What CPU, what cooler?

90C is [B][COLOR="Red"]hot[/COLOR][/B]. :devil:

the reason is maybe because running 4 core @ 75% is colder than 3 @ 100?

[url]http://www.mersenneforum.org/showthread.php?p=269446#post269446[/url]

90C is definitely some sort of Intel processor as all AMD's I've heard of get pissed off far above 60C. Most of the Core i processors are set to throttle at 105C but I would not want to go anywhere near that.

I don't know how the helper threads work. I only encountered them by accident myself when I was testing how memory bandwidth starved my system was.

Running three workers is probably your safest bet. If we knew your processor model and frequency and your memory frequency, we could even tell you if you would expect to see much of a decrease in throughput by running three workers instead of four.

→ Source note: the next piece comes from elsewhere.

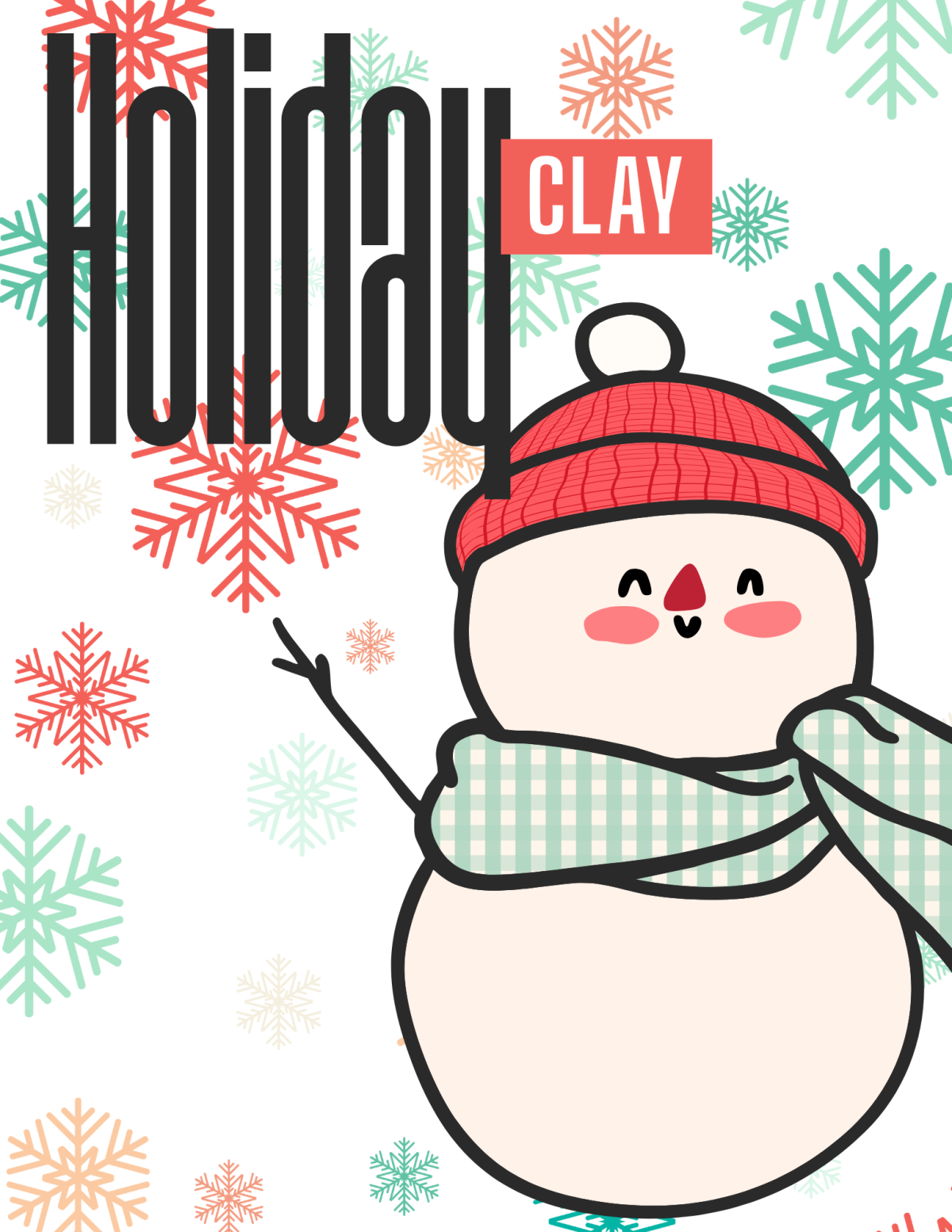 red and green snowflake background with the words "Holiday Clay" and a snowman in the foreground.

Prime95 has very little parallel programming, but what you will some times see is the computer distributing the 3 workers relatively evenly over all available cores. This isn't parallel programming. It's just the program handing out work fairly randomly between processors. This will relieve some of the heat issues too, as you will have all the cores at about the same temperature instead of having three cores ~10C warmer than the other.

If 90C is due to abnormally high outdoor temperatures then you're probably alright to keep it running. If it is due to normal temperatures for the season, you'll want to figure out some sort of solution. We've had a couple of very warm days here which brought my CPU from an average of 72C and max of 75C to an average of 80C and a max of 85C, but this was only during maybe 6 hours of the day. This didn't worry me. If it was going to be touching 80C regularly for three or four months, I would be a little bit concerned.

Having a k-series processor, I can just clock it down from my current overclocked state. Underclocking yours could help too, but this will also affect the performance of your computer across all your applications.


I've heard somewhere that your processor's life expectancy is roughly halved for every 10C. Thermal throttling occurs at 105C so Intel is probably telling you that 100C is "okay", but this is "okay" as far as the warranty is concerned. If your warranty is good for 12 months, then your processor may last 24 months at 90C, 48 months at 80C, etc.. Bear in mind this is a very rough rule of thumb.

In general I don't let my cpu go above ~60-70C, over that it makes me really uncomfortable. :smile:

And not defending AMD at all here, but I have run 24 hours of P95 stress test on a AMD quad at the mid 70's without a problem.

EDIT2: My Sandy Bridge(mobile) throttles down when it gets to 100C.

[QUOTE=kracker;346243]My Sandy Bridge(mobile) throttles down when it gets to 100C.[/QUOTE]

The boiling point of pure water at sea level?

Seems reasonable to me.

@TheMawn: Prime95 is fully multithread-capable, but generally 1-single-threaded-job-per-core is slightly better in terms of overall throughput, thus that is the recommended option for vanilla GIMPS work.

[QUOTE=kracker;346243]In general I don't let my cpu go above ~60-70C, over that it makes me really uncomfortable. :smile:[/quote]
My macbook Core2 CPU (running my Mlucas code 2-threaded across both cores) often gets above 80C, but yeah, 90ish and higher is worrisome.

[quote]And not defending AMD at all here, but I have run 24 hours of P95 stress test on a AMD quad at the mid 70's without a problem.[/QUOTE]
To be fair, how much Prime95 throughput (inverse of per-iteration time at same FFT length) are you getting on AMD compared to Intel?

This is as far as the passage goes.